In this step you removed capabilities and apparmor from interfering, and started a new container with a seccomp profile that had no syscalls in its whitelist. You saw how this prevented all syscalls from within the container or to let it start in the first place.

Step 3: Run a container with no seccomp profile

Unless you specify a different profile, Docker will apply the default seccomp profile to all new containers. In this step you will see how to force a new container to run without a seccomp profile.

  1. Start a new container with the --security-opt seccomp=unconfined flag so that no seccomp profile is applied to it.

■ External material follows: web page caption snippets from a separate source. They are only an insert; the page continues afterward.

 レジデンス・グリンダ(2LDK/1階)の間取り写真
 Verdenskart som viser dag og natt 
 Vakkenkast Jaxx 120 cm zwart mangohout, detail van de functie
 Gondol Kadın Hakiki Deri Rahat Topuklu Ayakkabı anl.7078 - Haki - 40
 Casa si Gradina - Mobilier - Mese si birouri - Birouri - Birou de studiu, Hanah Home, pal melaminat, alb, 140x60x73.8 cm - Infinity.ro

    docker run --rm -it --security-opt seccomp=unconfined debian:jessie sh
    
  2. From the terminal of the container run a whoami command to confirm that the container works and can make syscalls back to the Docker Host.

    whoami
    
    root
    
  3. To prove that we are not running with the default seccomp profile, try running a unshare command, which creates a new namespace:
      unshare --map-root-user --user
      whoami
    
      root
    
  4. Exit the container.
    exit
    
  5. Run the following strace command from your Docker Host to see a list of the syscalls used by the whoami program.

    Your Docker Host will need the strace package installed.

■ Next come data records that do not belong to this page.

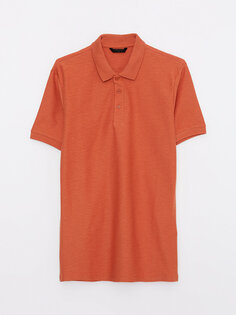 Мужская футболка с воротником-поло и коротким рукавом LCW Casual, матовый оранжевый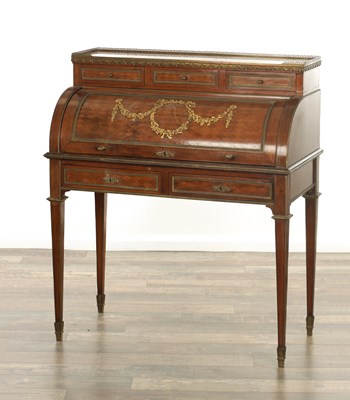 Lot 1317 - A LATE 19TH CENTURY FRENCH GILT METAL MOUNTED ROSEWOOD AND PARQUETRY INLAID CYLINDER FRONT WRITING DESK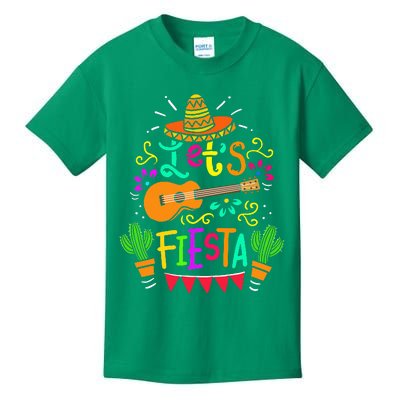 Cinco De Mayo Mexican Guitar Cactus Kids T-Shirt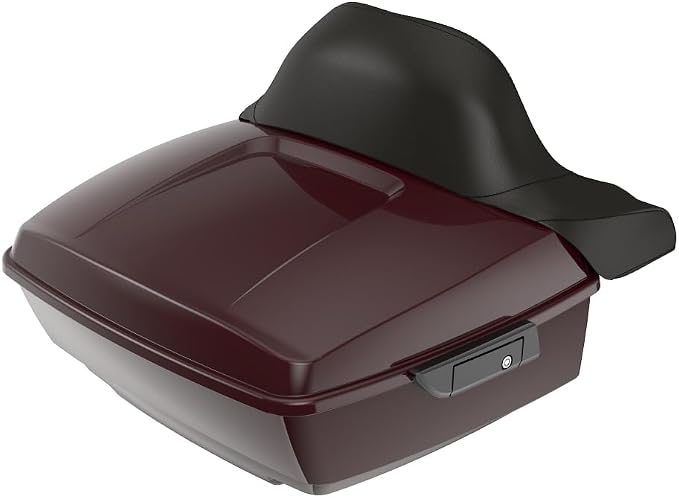 Advanblack Road Glide Tour Trunk Pack Billiard Burgundy King Tour Trunk Pack Luggage +Wrap-Around Backrest Pad for '97-'25 Harley Touring Road King Street Glide Electra Glide CVO models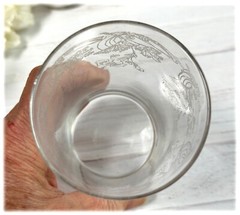 Central Glass Works Etch 5 Floral Art Nouveau Theme Flat Tumblers 5 1/8″ Antique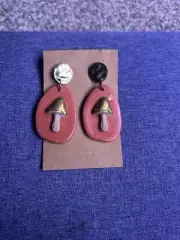 Golden Mushroom Women’s Hanging Earrings One Of A Kind Handmade Coral Pink Shine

    apk add --update strace
    strace -c -f -S name whoami 2>&1 1>/dev/null | tail -n +3 | head -n -2 | awk '{print $(NF)}'
    
    access
    arch_prctl
    brk
    close
    connect
    execve
    <SNIP>
    socket
    write
    

You can also run the following simpler command and get a more verbose output.

   strace whoami
   execve("/usr/bin/whoami", ["whoami", "-qq"], [/* 21 vars */]) = 0
   brk(0)                                  = 0x1980000
   <SNIP>

You can substitute whoami for any other program.

In this step you started a new container with no seccomp profile and verified that the whoami program could execute. You also used the strace program to list the syscalls made by a particular run of the whoami program.

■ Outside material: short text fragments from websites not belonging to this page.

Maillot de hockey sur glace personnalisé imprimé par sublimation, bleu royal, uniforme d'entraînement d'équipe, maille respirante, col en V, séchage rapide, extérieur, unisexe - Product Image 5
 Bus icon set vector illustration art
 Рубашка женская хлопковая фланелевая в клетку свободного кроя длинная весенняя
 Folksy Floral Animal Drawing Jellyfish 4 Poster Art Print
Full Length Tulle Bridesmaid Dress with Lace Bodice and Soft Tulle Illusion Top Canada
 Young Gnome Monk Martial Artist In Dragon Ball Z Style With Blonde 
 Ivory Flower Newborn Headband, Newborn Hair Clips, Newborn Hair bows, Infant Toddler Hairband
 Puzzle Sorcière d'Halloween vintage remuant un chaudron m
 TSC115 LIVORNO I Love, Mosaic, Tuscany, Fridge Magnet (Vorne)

Step 4: Selectively remove syscalls

In this step you will see how applying changes to the default.json profile can be a good way to fine-tune which syscalls are available to containers.

The default-no-chmod.json profile is a modification of the default.json profile with the chmod(), fchmod(), and chmodat() syscalls removed from its whitelist.

  1. Start a new container with the default-no-chmod.json profile and attempt to run the chmod 777 / -v command.

    docker run --rm -it --security-opt seccomp=./seccomp-profiles/default-no-chmod.json alpine sh
    

    and then from inside the container:

    chmod 777 / -v
    
    chmod: /: Operation not permitted
    

The command fails because the chmod 777 / -v command uses some of the chmod(), fchmod(), and chmodat() syscalls that have been removed from the whitelist of the default-no-chmod.json profile.

  1. Exit the container.
    exit
    
  2. Start another new container with the default.json profile and run the same chmod 777 / -v.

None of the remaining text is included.